Fine-grained geometry, captured by aggregation of point features in local regions, is crucial for object recognition and scene understanding in point clouds. Nevertheless, existing preeminent point cloud backbones usually incorporate max/average pooling for local feature aggregation, which largely ignores points' positional distribution, leading to inadequate assembling of fine-grained structures. To mitigate this bottleneck, we present an efficient alternative to max pooling, Position Adaptive Pooling (PAPooling), that explicitly models spatial relations among local points using a novel graph representation, and aggregates features in a position adaptive manner, enabling position-sensitive representation of aggregated features.
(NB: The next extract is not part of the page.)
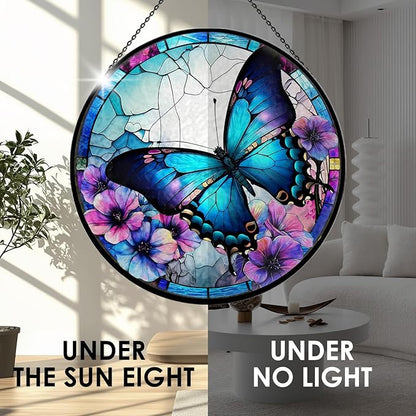 Butterfly Stained Glass Window Hanging - 7.9'' Handmade Sun Catcher Floral Garden Decor, Colorful Glass Panel Crystal Butterfly Wall Art for Home Windows - Birthday Gifts for Women, Mom, Nature Lovers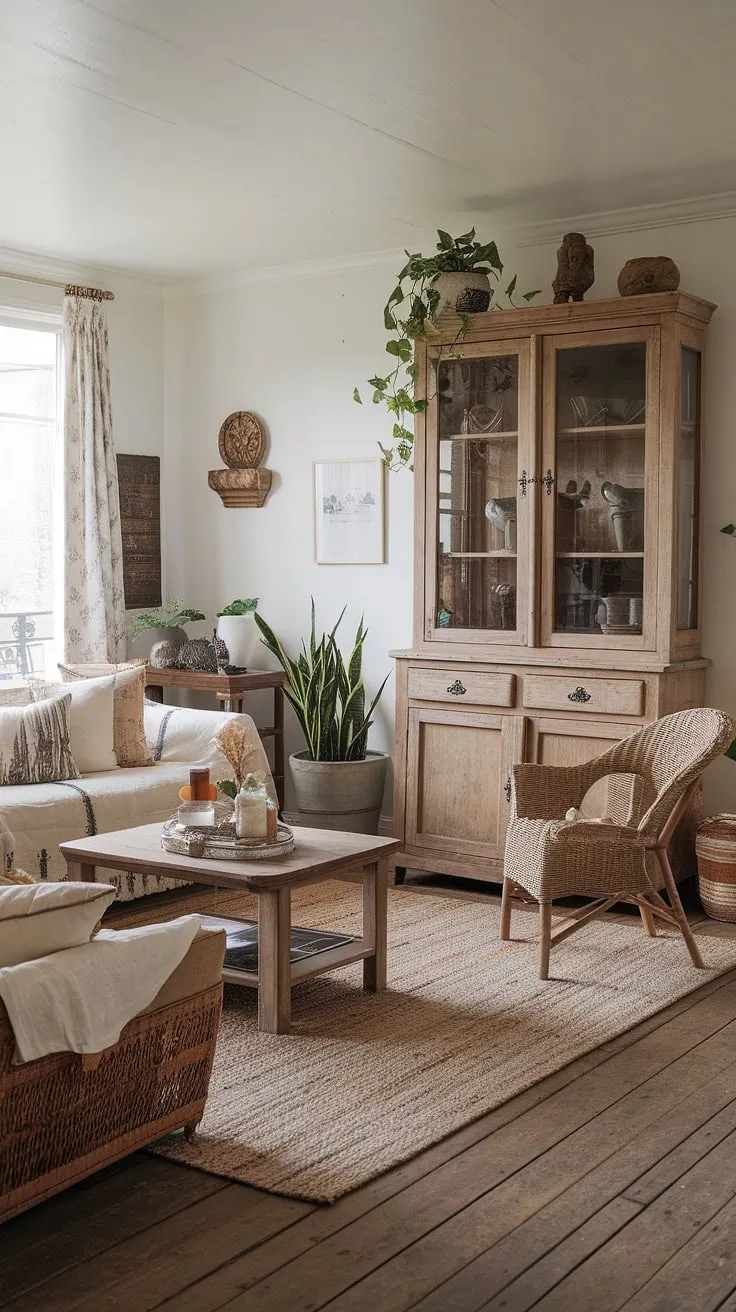 This small French country home boasts charming French cottage living room, showcasing the best of French country interiors and country style decor.  The quintessential French farmhouse decor creates a cozy and inviting atmosphere.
Specifically, PAPooling consists of two key steps, Graph Construction and Feature Aggregation, respectively in charge of constructing a graph with edges linking the center point with every neighboring point in a local region to map their relative positional information to channel-wise attentive weights, and adaptively aggregating local point features based on the generated weights through Graph Convolution Network (GCN). PAPooling is simple yet effective, and flexible enough to be ready to use for different popular backbones like PointNet++ and DGCNN, as a plug-andplay operator. Extensive experiments on various tasks ranging from 3D shape classification, part segmentation to scene segmentation well demonstrate that PAPooling can significantly improve predictive accuracy, while with minimal extra computational overhead. Code will be released.